Science (the discipline) is a beautiful thing. It makes the world a better place and I got to play a small role in the march of progress. I'm grateful for that.
Science (the profession) is miserable. I struggled for grants, struggled against reviewers to get published, struggled for limited resources, struggled to have a work-life balance, struggled to not feel guilty if I took a vacation, and struggled to exist in a system that ultimately didn't want me. It's probably more correct to say that the academic and scientific systems that I was a part of didn't want anyone in particular. Those systems are designed to do one thing: force out anyone who doesn't have a good deal of luck and doesn't put their career above everything else. A more senior neuroscientist gave me a bit of perspective on this one time. She said, "You eat what you kill." At the time I laughed. Now I cringe.
A little over a year ago, I decided that I didn't want to struggle to make a living anymore. Six months after that I was in a new job. When I was learning to decode all those conversations between neurons I picked up some very marketable skills. I learned a lot about digital signal processing, analytical thinking, statistical analysis, machine learning, and how to code in multiple languages. I realized two things; I really enjoyed data analysis much more than neuroscience and I could translate these skills into a career as a data scientist.
Now I work as a data scientist at the city of Pittsburgh. I had no idea that I would ever work in government, but I’m so thankful that I do. I get to work on issues that I care deeply about. And I also don’t feel bad if I take a day off.

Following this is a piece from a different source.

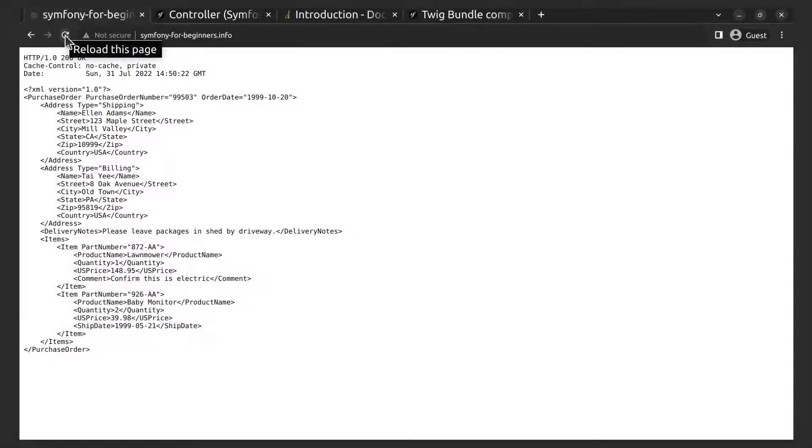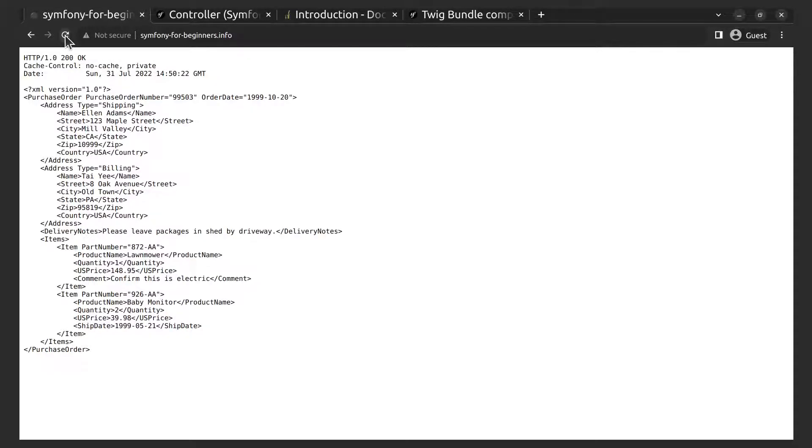The next type of response we are introduced to is downloading a file. It will be an image.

Leaving academia and science was a good choice. It was hard (even though it didn’t have to be as hard as it was) and it was scary (it shouldn’t have been scary at all). In hindsight, I realize that one mistake I made, an all too common mistake, was staying in academia well after I realized I was unhappy. If you’re a part of this event I’m betting you also realize that academia isn’t right for you. I’d encourage anyone who is having second thoughts about a career in the Ivory Tower to realize that there is a much more fulfilling path out there. If I can help you find it just let me know.